After a relaxing day of watching climate catastrophes and state-sanctioned killing on my phone, there’s nothing I love more than a soothing shift at The Pitt. A psychologist tells me why.
After a relaxing day of watching climate catastrophes and state-sanctioned killing on my phone, there’s nothing I love more than a soothing shift at The Pitt. “Ahhh” I will say, sipping a herbal tea as Dr Robbie paces around the ED in a hoodie, bombarded with bones protruding out of armpits, screaming abandoned babies, and people missing parts of their skulls. Car crash victims are flatlining, maggots are crawling in open wounds, and everyone is yelling, all the time.
The tension seldom lets up. On the weekend, I go to the movies and see Marty Supreme, the whole audience increasingly breathless as a desperate Timothée Chalamet ping pongs around New York leaving a trail of destruction in his wake. Somewhere between the full bath crashing through a ceiling and splintering an arm in half, and a pregnant woman getting shot at, one audience member picks up his puffer jacket (Christchurch in January) and leaves.
Even The Traitors UK, born of a cosy genre built around escapism and fantasy, keeps the anxiety dialled up to 11. Weeks of lies and deception culminate in a final week so tense that I feel more nauseous than poor James spewing his way up a Scottish hill. Ahhh, time to open Netflix and watch live as a fella scales a 508 metre tall skyscraper and tries not to plummet to his own death. “No ropes. No fear,” the publicity material goads. “A high-stakes, live ascent.”

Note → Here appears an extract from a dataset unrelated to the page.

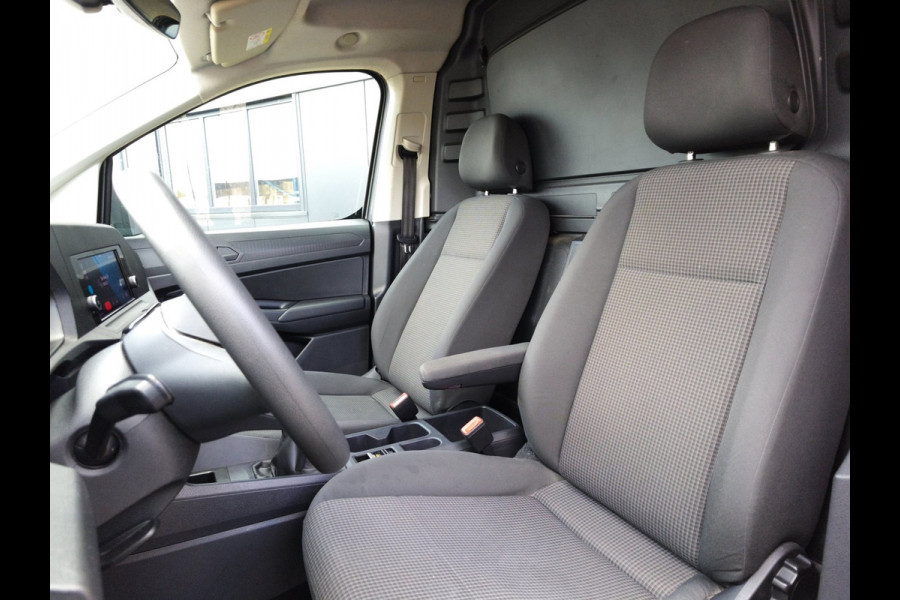 Volkswagen Caddy Cargo 2.0 TDI AIRCO CRUISE TREKHAAK CARPLAY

About the only refuge in my stress-filled schedule these days is the occasional episode of Mad Men, making the stylistic contrast with the old days (10 years ago) all the more stark. In Mad Men, the camera is fixed. The characters are allowed to breathe, sit in silence, and even look out the window occasionally. The glacial pace feels alien off the back of years of Safdie crash zooms, Succession shaky cams, Squid Game gore, and The Bear’s relentless cross-shouting.
So how is it that a ‘66 minute stress bomb’ and ‘cinematic stress test’ become our preferred way to relax? Gareth Schott, media psychologist from the University of Waikato, says the trend reveals a lot about our desire to experience “controlled fear” from our cosy couches. And though research consistently shows that conflict and violence-driven content leads to “heightened anxiety, sensitivity to stress, and a diminished sense of safety,” we still can’t look away.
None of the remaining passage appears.